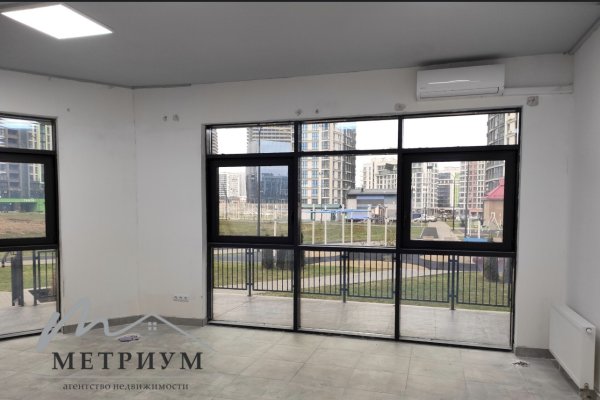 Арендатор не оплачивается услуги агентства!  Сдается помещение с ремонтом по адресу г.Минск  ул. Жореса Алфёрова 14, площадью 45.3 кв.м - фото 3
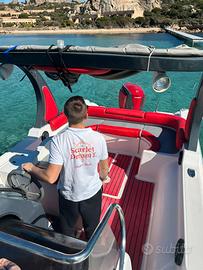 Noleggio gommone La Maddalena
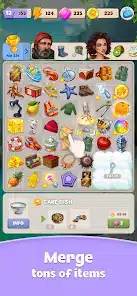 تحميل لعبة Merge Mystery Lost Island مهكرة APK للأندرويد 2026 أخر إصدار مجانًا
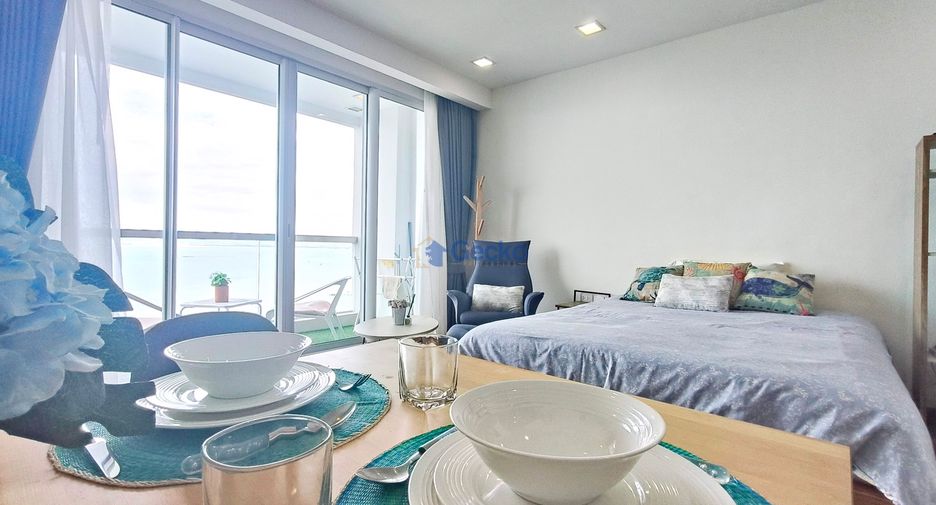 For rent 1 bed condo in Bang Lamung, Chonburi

########################################

● Exercise
Return all of the material precisely as written. No picture belongs in it.

● Solution to this exercise
 Арендатор не оплачивается услуги агентства!  Сдается помещение с ремонтом по адресу г.Минск  ул. Жореса Алфёрова 14, площадью 45.3 кв.м - фото 3
 Noleggio gommone La Maddalena
 تحميل لعبة Merge Mystery Lost Island مهكرة APK للأندرويد 2026 أخر إصدار مجانًا
 For rent 1 bed condo in Bang Lamung, Chonburi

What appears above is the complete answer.